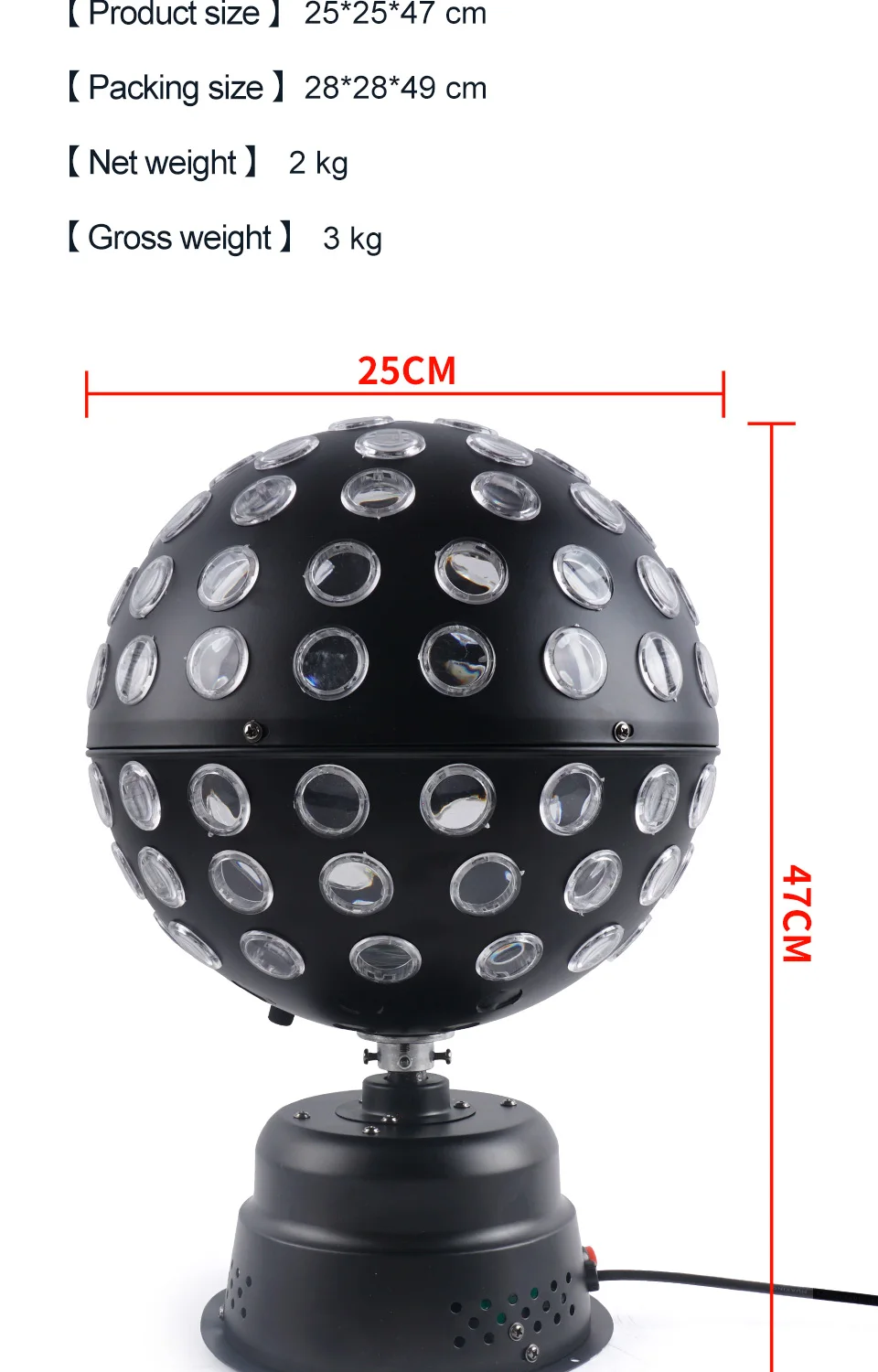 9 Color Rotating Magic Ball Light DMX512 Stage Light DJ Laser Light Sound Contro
...
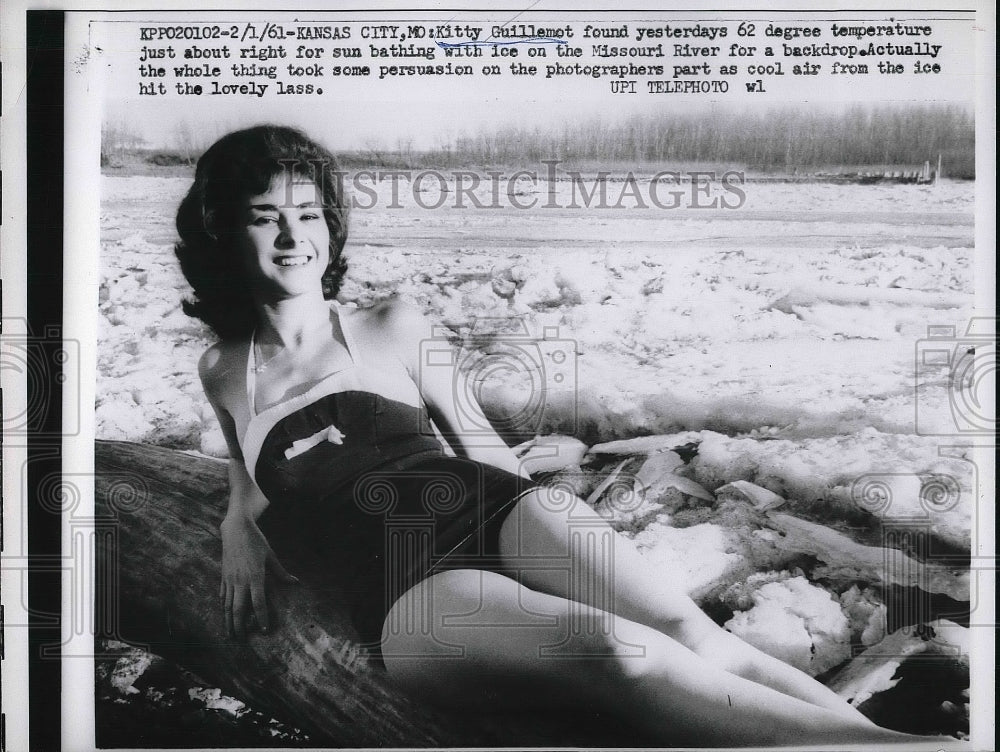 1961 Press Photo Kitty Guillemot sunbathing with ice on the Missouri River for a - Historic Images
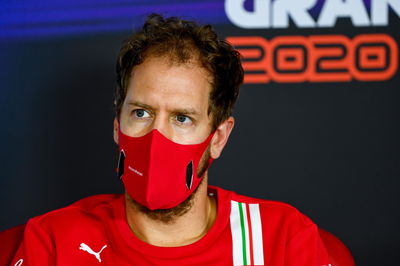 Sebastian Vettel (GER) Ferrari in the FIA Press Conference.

* [ASSIGNMENT]: Look above for the line with "1961 Press Photo" and the line with "Sebastian Vettel (GER)". Output those two and everything between them exactly, pictures excluded.

* [ANSWER SECTION]:
 1961 Press Photo Kitty Guillemot sunbathing with ice on the Missouri River for a - Historic Images
 Sebastian Vettel (GER) Ferrari in the FIA Press Conference.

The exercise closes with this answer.